Description
In this article, I am going to explain and write vbscript code to Disable Active Directory user account using user’s objectguid, samAccountName and distinguishedname and also Disable Bulk AD Users from CSV File using vbscript.
Note: You should run this vbscript code on a machine with windows Active Directory domain.
Summary
- VBScript to Disable AD User Account by DN
- VBScript to Disable AD User by ObjectGUID
- VBScript to Disable AD User by samAccountName
- VBScript to Disable Bulk AD Users from CSV file
VBScript to Disable Active Directory user by DistinguishedName
1. Copy the below example VBScript code and paste it in notepad or a VBScript editor.

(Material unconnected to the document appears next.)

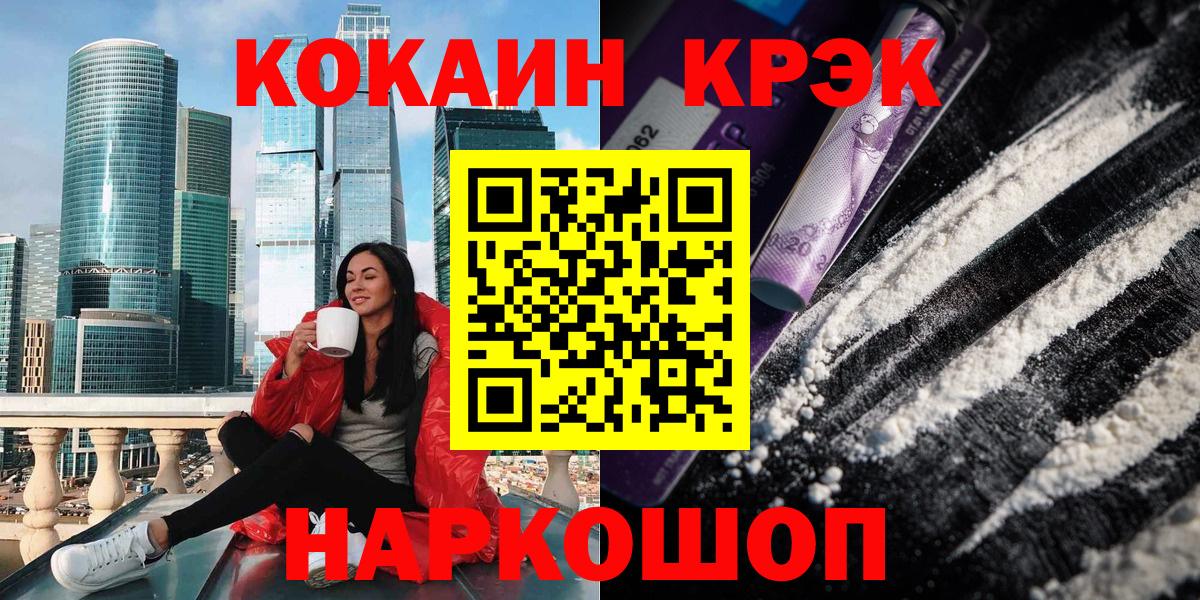 Cocaine 99%  Вход с VPN  Наро-Фоминск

2. Change the value for strUserDN with your own user’s DN which you are going to disable.
3. Save the file with a .vbs extension, for example: Disable-AD-User.vbs
4. Double-click the vb script file (or Run this file from command window) to disable AD user.
' Disable-AD-User.vbs
' Sample VBScript to disable Active Directory user
' Author: https://www.morgantechspace.com/
' ------------------------------------------------------'
Option Explicit
Dim strUserDN
Dim objUser
strUserDN= "CN=TestUser,OU=TestOU1,DC=MyDomain,DC=Com"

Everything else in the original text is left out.